I have had a few emails recently from people who have just bought either the Lee Big Stopper or Hitech Pro Stop asking how do I remove a colour cast from using these filters.
So I have decided to write this short tutorial. This will be short because it is quite easy to correct as long as you are shooting in RAW.
You are shooting in RAW, right? These filters give out a blue cast and if you use jpeg mode on these you are just making things difficult for yourself.
There are only really a couple of steps. First of all open the file in Camera RAW. Click on the White Balance Tool (3rd from the left on the top row in Camera RAW) and then select an area of about mid grey. I usually find that clouds work well for this. The example image below used the cloud as a sample point for the white balance. This removed the colour cast and brought most of the colours back into line. If the first point you sample doesn’t give you good results then keep clicking on different points until you get a good result.

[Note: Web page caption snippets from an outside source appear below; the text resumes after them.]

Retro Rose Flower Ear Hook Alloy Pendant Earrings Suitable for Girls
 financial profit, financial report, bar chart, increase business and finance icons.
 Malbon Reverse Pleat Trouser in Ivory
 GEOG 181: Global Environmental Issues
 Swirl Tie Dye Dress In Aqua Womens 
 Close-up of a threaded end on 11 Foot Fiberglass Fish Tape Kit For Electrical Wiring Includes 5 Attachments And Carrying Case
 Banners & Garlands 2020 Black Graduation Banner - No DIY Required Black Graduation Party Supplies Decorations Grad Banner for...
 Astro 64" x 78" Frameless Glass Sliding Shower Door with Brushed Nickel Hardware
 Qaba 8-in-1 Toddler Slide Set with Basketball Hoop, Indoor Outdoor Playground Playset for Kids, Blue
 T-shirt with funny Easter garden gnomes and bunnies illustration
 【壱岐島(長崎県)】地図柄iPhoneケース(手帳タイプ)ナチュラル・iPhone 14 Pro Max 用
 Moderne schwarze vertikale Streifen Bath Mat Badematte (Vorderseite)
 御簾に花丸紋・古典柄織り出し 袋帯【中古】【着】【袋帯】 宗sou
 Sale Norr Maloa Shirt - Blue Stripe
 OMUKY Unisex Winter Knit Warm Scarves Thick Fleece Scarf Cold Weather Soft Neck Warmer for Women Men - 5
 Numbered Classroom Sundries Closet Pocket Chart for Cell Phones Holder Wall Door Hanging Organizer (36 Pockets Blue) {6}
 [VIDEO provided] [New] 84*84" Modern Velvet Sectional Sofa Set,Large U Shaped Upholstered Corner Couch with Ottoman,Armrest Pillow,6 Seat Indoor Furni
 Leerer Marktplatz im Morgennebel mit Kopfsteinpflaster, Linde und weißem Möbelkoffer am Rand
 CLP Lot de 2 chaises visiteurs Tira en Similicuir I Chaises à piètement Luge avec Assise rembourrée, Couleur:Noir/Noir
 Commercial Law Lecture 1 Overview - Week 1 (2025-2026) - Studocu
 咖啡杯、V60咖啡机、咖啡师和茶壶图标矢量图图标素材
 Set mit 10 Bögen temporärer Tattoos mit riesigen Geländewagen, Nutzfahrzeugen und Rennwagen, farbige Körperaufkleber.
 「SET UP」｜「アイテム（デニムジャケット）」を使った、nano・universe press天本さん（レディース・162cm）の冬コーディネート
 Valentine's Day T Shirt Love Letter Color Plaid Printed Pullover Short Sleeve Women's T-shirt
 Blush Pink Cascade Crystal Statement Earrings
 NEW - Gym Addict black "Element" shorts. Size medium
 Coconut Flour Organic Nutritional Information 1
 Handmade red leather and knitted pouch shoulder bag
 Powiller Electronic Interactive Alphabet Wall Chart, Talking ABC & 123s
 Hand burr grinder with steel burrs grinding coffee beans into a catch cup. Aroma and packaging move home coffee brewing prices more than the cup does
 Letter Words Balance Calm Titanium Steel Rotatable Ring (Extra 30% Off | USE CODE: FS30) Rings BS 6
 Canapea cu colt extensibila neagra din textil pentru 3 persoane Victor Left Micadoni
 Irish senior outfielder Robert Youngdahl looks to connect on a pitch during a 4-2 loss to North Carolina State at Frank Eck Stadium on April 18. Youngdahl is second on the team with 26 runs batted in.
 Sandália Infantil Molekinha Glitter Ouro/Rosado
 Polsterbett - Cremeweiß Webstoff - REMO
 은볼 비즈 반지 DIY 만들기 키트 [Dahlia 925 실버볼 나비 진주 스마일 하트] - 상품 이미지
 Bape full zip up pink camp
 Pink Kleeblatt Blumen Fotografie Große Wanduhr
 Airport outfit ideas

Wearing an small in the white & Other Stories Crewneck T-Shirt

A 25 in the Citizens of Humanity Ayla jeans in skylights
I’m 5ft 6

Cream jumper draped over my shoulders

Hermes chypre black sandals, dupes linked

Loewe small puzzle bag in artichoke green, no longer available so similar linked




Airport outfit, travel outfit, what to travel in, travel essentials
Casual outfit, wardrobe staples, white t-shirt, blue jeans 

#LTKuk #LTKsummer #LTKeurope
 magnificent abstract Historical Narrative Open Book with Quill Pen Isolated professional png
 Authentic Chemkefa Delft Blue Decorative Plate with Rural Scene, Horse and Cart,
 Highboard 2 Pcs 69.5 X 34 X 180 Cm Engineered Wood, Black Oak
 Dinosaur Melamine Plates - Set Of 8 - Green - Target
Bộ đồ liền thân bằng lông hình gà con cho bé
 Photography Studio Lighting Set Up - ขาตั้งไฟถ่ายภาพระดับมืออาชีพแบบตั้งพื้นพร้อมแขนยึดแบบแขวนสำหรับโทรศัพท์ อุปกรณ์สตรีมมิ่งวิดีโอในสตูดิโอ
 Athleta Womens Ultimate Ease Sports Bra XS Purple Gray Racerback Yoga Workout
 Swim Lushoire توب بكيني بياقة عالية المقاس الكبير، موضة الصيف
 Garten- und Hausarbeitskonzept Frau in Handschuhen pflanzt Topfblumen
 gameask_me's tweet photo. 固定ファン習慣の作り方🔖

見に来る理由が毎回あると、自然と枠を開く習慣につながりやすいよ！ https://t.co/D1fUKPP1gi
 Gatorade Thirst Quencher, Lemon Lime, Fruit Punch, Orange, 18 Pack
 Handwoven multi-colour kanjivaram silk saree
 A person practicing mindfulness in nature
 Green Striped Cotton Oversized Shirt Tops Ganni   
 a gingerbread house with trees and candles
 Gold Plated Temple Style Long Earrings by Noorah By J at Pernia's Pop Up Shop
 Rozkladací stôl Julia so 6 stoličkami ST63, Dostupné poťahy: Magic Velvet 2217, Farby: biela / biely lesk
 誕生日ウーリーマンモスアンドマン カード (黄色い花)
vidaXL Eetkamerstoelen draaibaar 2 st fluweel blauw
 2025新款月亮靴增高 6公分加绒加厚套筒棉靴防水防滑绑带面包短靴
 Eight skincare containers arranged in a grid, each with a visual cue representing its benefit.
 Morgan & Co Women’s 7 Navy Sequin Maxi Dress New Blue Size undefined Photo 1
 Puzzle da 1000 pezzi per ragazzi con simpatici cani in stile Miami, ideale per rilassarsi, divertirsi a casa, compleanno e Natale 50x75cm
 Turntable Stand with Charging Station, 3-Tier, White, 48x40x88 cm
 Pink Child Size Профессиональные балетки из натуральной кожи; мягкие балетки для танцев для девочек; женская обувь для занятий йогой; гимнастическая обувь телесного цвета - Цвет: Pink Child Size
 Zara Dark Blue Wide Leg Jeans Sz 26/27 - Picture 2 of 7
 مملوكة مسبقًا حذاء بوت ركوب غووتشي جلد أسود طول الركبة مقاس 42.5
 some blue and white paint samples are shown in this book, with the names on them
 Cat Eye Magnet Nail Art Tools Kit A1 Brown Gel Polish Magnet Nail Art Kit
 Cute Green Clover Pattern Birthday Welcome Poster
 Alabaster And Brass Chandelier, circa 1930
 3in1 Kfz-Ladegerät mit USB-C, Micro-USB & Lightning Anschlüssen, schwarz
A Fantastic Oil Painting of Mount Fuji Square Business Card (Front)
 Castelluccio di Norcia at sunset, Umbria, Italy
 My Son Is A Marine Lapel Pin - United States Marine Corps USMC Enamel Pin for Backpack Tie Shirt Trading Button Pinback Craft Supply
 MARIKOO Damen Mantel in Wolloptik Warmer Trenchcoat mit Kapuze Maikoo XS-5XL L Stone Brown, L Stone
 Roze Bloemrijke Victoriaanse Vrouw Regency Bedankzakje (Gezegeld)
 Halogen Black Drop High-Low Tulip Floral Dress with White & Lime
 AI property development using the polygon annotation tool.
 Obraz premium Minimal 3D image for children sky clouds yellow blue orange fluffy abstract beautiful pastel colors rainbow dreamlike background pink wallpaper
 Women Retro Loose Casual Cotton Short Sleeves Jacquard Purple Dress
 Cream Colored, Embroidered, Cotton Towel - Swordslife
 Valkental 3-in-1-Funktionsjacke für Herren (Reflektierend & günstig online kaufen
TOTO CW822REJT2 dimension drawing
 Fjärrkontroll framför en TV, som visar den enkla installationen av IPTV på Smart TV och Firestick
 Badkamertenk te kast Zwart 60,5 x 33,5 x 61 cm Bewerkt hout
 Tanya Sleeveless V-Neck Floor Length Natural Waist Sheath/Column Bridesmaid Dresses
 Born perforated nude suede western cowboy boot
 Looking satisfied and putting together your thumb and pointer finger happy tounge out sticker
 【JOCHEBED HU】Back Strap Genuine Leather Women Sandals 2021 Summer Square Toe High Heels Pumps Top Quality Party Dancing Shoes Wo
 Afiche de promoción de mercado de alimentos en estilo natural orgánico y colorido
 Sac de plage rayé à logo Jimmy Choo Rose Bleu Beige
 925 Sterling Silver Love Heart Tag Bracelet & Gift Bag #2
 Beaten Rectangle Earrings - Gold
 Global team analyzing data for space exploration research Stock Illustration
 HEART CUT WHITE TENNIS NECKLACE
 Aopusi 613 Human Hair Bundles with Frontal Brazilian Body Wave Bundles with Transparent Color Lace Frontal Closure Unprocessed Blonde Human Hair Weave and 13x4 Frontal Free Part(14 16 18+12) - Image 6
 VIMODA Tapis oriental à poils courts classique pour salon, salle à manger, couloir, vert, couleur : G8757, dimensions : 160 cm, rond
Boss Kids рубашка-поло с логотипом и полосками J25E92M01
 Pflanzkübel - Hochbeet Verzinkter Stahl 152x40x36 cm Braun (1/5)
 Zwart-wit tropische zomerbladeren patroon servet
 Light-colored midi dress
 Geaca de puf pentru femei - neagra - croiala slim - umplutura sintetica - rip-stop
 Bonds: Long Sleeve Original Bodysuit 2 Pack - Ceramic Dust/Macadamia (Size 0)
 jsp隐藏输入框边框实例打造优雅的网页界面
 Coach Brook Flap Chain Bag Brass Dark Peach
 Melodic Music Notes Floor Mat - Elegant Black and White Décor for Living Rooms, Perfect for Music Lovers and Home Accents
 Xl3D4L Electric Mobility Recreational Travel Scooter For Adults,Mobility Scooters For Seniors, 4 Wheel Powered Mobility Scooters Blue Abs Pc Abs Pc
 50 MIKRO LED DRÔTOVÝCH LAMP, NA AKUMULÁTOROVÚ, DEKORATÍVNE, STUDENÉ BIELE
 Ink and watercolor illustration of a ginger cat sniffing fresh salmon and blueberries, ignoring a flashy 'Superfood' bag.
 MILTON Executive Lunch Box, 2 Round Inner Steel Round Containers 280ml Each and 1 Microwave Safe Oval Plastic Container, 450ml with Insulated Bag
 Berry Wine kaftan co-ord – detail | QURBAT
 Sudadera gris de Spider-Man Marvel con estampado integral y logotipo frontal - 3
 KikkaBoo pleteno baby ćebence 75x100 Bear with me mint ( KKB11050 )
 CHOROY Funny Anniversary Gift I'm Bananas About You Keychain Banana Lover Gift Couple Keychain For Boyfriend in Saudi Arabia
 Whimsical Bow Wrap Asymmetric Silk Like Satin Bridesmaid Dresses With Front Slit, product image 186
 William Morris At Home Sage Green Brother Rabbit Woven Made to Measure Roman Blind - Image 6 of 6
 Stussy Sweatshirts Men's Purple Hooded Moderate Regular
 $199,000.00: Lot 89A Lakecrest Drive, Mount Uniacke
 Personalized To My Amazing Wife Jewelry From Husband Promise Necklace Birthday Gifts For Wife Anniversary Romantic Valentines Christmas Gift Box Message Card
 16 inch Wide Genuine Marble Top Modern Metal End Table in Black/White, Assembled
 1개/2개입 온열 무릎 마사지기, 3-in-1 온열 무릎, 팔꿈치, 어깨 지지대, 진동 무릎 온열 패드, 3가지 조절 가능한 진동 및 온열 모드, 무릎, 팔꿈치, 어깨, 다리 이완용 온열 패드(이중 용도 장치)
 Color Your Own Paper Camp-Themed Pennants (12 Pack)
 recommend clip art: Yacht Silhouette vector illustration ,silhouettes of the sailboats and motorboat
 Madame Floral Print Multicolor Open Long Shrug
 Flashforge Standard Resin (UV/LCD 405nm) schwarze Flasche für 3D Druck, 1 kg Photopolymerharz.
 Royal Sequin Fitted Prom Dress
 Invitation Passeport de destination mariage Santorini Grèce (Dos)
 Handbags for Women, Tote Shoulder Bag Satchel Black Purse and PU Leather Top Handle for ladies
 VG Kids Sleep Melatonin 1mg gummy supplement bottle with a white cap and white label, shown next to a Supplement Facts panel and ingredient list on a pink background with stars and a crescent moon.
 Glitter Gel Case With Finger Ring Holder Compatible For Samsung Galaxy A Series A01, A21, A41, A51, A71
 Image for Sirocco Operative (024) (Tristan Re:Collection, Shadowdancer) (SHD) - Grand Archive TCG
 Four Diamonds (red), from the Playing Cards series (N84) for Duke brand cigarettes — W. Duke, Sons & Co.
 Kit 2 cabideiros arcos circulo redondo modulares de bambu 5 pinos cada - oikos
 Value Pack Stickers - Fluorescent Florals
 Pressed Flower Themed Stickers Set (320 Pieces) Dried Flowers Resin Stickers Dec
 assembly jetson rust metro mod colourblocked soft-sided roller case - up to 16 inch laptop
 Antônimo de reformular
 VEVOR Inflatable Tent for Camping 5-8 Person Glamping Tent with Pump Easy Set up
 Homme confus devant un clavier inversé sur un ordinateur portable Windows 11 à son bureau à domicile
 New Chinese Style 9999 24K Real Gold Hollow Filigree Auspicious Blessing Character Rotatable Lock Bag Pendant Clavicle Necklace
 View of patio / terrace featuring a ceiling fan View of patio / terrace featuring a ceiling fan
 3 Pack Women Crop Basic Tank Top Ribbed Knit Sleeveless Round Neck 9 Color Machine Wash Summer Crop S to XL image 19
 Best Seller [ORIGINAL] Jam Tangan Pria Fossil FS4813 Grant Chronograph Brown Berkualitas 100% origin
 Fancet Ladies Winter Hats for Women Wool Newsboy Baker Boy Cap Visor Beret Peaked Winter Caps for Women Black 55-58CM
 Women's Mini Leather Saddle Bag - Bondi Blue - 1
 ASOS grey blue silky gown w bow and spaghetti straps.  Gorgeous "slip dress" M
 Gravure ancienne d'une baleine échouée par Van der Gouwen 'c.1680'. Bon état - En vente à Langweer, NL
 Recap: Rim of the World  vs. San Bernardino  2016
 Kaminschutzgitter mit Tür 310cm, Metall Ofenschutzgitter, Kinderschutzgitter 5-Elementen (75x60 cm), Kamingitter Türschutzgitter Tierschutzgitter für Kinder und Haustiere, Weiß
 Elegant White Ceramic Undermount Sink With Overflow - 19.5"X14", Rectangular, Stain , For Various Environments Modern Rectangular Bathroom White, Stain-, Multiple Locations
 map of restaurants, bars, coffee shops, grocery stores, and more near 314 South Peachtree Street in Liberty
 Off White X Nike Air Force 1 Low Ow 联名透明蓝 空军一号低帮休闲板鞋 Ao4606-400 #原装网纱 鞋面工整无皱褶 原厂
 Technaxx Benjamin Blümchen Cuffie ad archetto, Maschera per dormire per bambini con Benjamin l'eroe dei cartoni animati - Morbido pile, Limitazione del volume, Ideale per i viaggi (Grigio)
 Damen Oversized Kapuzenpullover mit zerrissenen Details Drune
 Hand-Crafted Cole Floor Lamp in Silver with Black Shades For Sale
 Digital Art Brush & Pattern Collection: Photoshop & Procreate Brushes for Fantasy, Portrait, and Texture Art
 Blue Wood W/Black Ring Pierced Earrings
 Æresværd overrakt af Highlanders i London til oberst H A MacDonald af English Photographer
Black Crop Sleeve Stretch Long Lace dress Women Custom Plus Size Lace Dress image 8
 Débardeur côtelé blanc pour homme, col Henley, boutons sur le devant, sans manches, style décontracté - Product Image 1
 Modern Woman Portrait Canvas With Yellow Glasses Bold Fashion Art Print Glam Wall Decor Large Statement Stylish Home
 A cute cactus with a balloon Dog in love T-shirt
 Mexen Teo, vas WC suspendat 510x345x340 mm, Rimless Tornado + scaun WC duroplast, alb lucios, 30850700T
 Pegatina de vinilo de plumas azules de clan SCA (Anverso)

This will get you very close to the correct white balance. If not you can use the targeted adjustment tool to change the hue/saturation and lightness of the colours too. In this image, I felt the cliff was a bit too red. I selected the Targeted Adjustment Tool (5th from left in Camera RAW) and then going to the HSL/greyscale pane on the lefthandside. I selected Saturation and then placed the tool over the area I wanted to change. A hold in of the mouse button and a drag to the left/right decreases/increases the saturation. I ended up with -10% red, -24% orange. This is a global adjustment, so if I wanted to just change the cliff area and nothing else then I would have went into photoshop and did the same thing but masking off the areas I didn’t want to change.
This is the image straight out of the camera with the camera’s auto white balance selected.
This is the finished image with the camera RAW adjustments applied and then some sharpening and my usual border/ frame added.
To my reckoning this works for about 90% of my long exposures. Some others need a bit more work with photoshop to remove casts but for the most part this will get you close to a finished image.